What is required:
Beginning with the line in which "Bike Photo 1201813" appears, transcribe each line word for word until the records end. Do not include pictures.

Short text fragments from websites
-*-*-

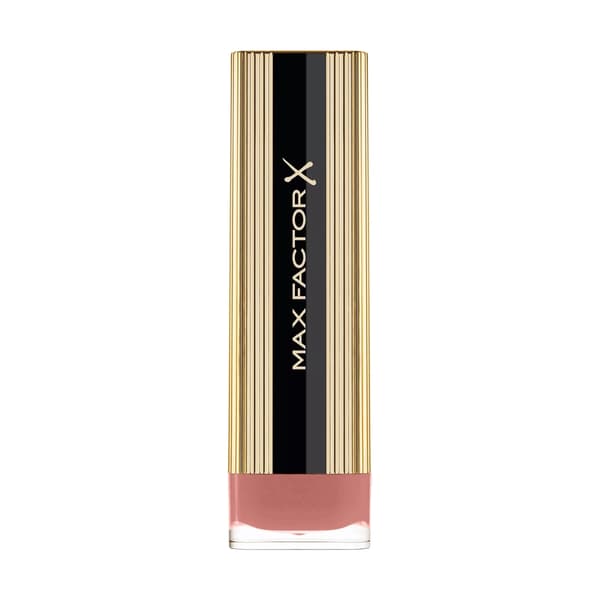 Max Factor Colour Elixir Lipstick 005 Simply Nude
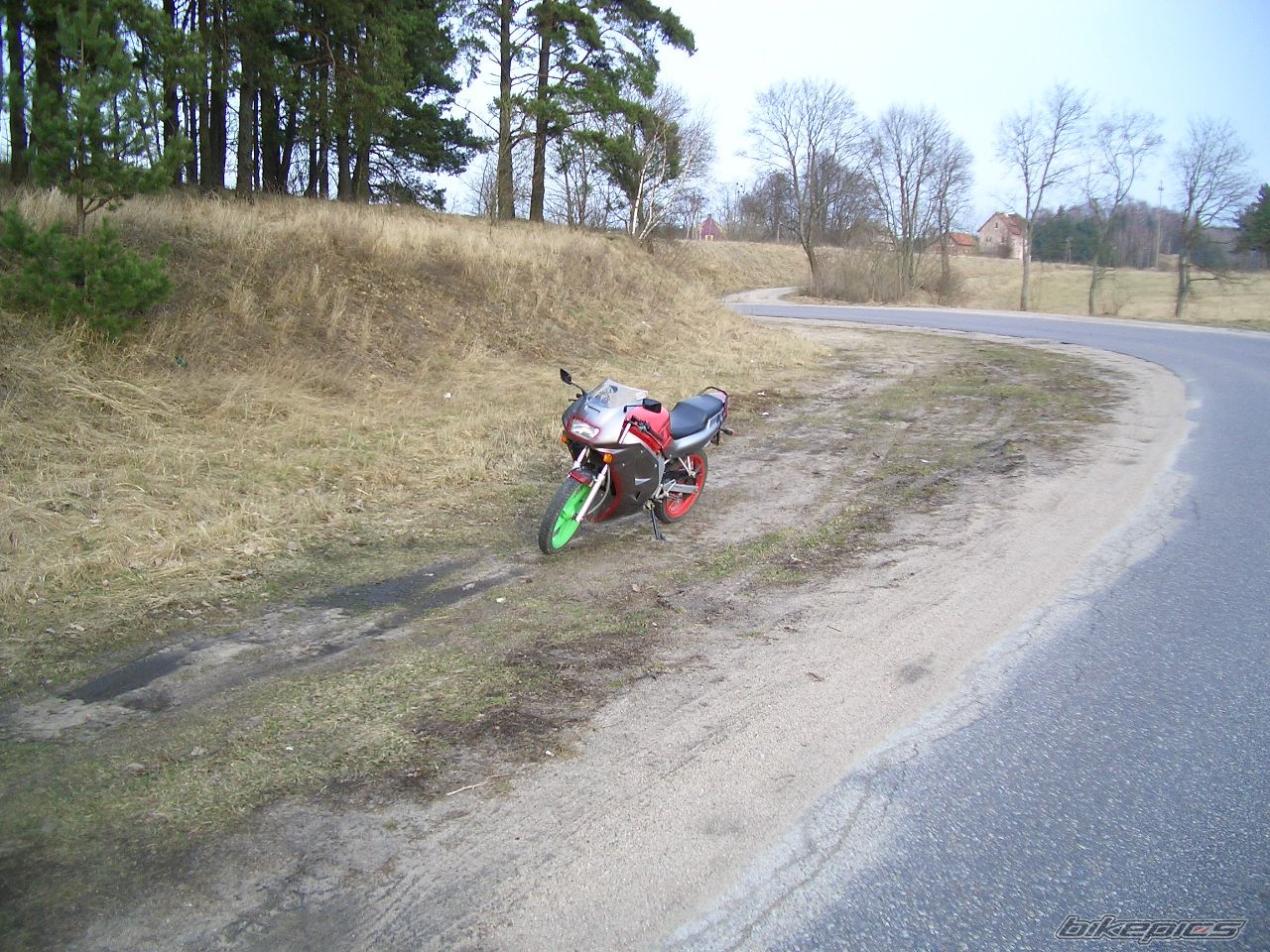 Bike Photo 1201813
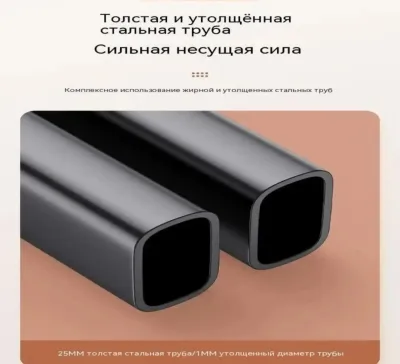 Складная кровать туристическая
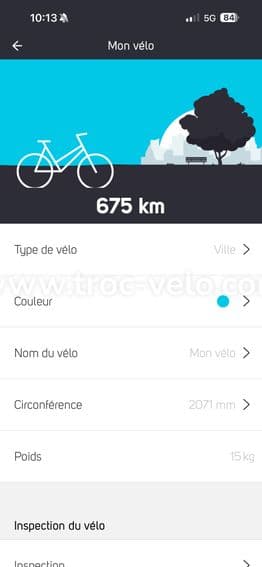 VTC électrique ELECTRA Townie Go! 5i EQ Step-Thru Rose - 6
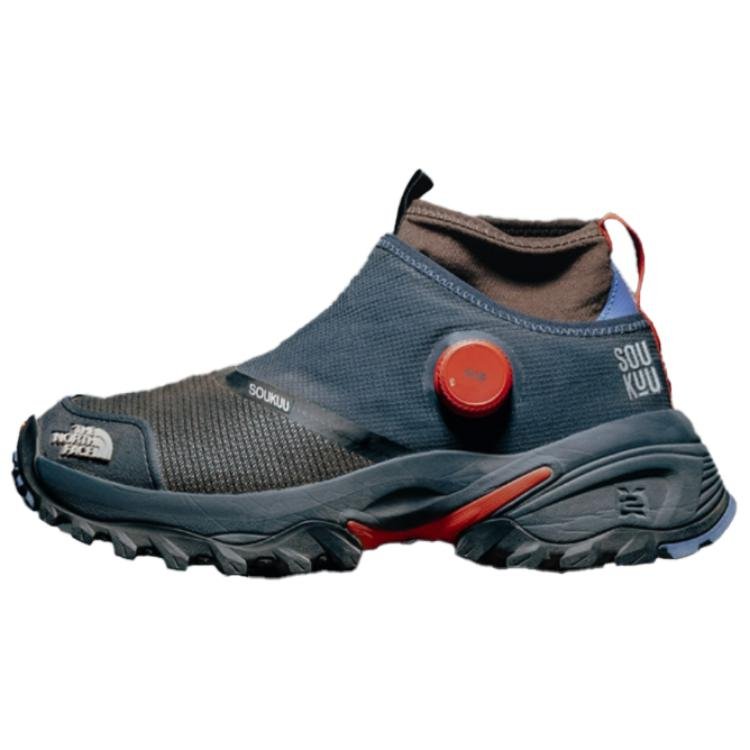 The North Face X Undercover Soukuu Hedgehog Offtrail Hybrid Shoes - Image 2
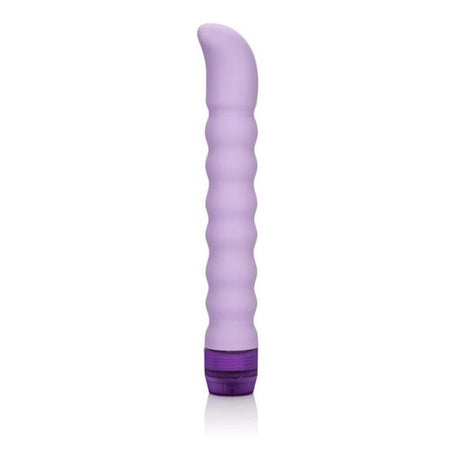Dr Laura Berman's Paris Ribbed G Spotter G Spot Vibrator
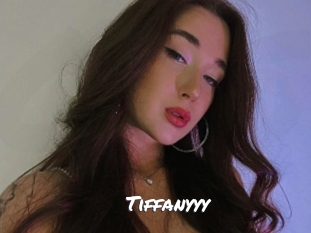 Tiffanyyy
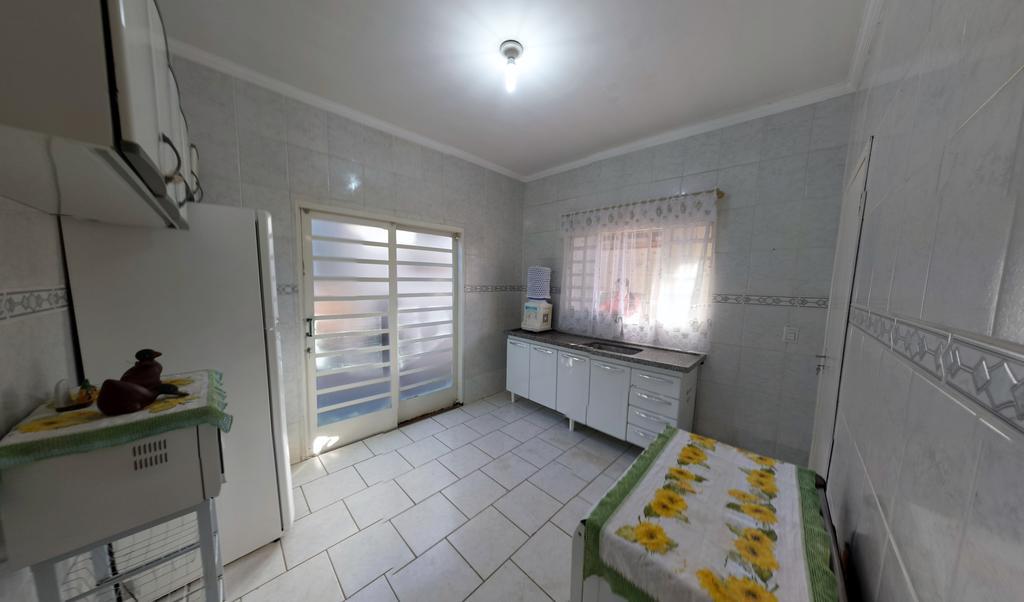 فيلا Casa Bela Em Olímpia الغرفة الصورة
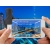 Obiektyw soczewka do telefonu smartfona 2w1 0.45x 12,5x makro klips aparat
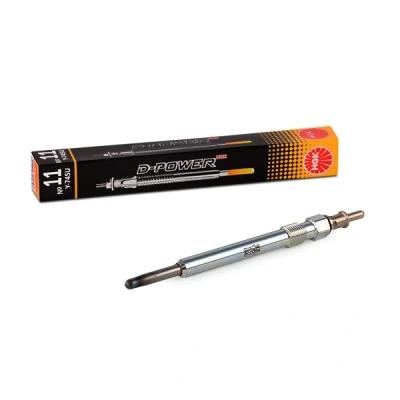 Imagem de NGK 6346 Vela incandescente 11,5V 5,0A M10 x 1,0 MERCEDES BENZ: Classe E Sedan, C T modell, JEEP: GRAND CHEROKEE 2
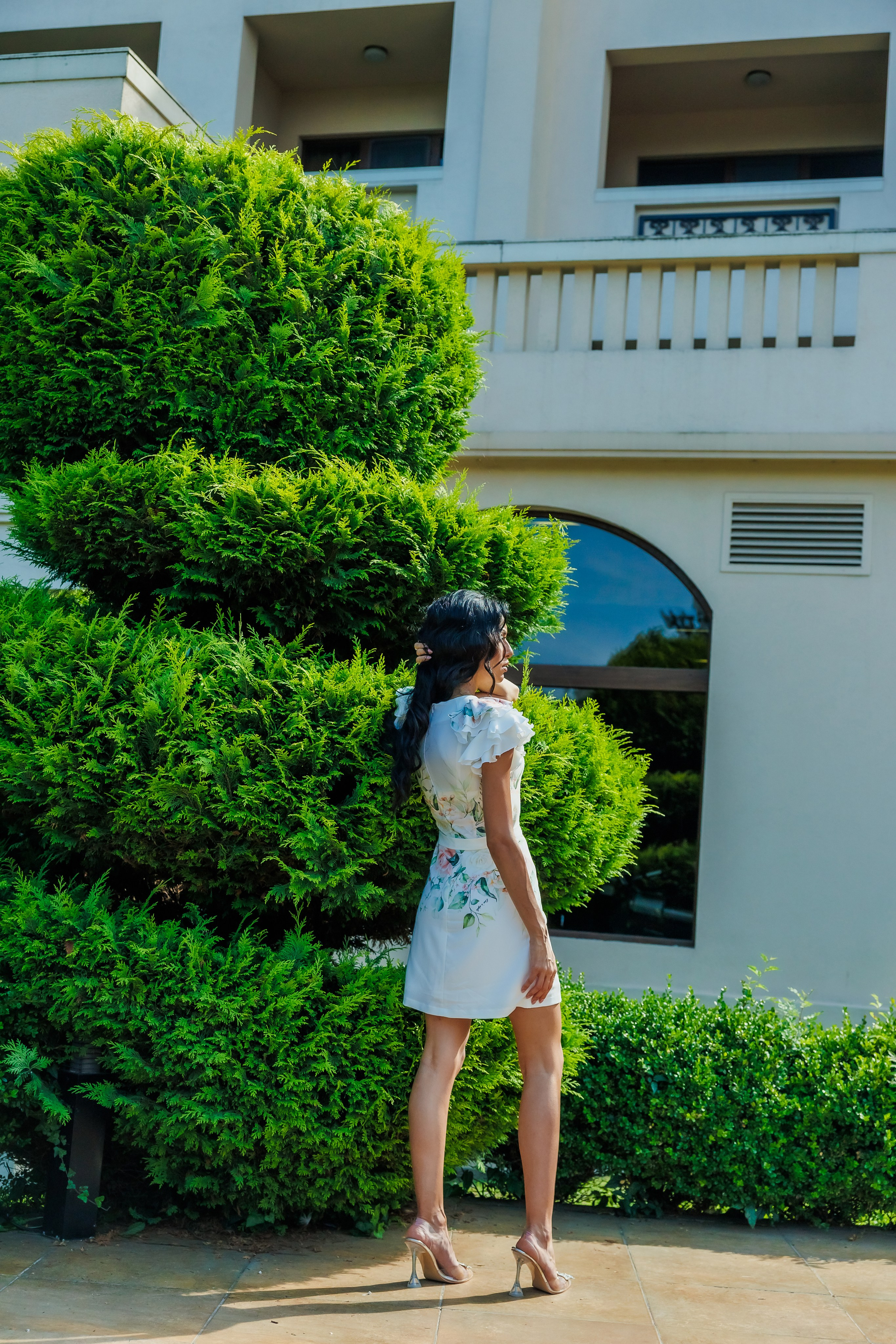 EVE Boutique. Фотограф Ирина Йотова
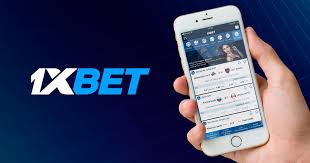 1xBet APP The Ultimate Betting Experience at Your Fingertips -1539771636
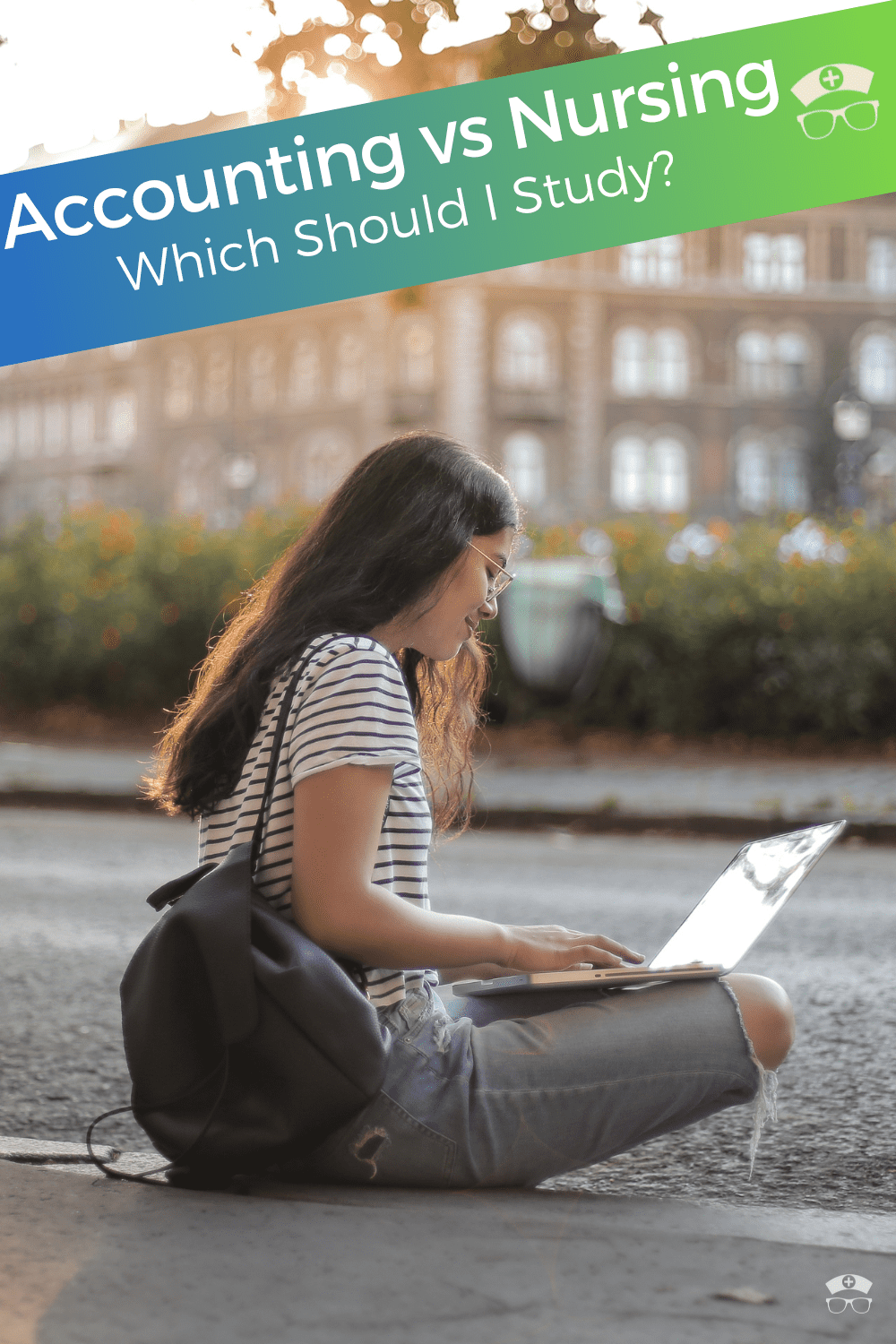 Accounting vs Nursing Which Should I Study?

-*-*-

Result of this exercise:
 Bike Photo 1201813
 Складная кровать туристическая
 VTC électrique ELECTRA Townie Go! 5i EQ Step-Thru Rose - 6
 The North Face X Undercover Soukuu Hedgehog Offtrail Hybrid Shoes - Image 2
Dr Laura Berman's Paris Ribbed G Spotter G Spot Vibrator
 Tiffanyyy
 فيلا Casa Bela Em Olímpia الغرفة الصورة
 Obiektyw soczewka do telefonu smartfona 2w1 0.45x 12,5x makro klips aparat
 Imagem de NGK 6346 Vela incandescente 11,5V 5,0A M10 x 1,0 MERCEDES BENZ: Classe E Sedan, C T modell, JEEP: GRAND CHEROKEE 2
 EVE Boutique. Фотограф Ирина Йотова
 1xBet APP The Ultimate Betting Experience at Your Fingertips -1539771636
 Accounting vs Nursing Which Should I Study?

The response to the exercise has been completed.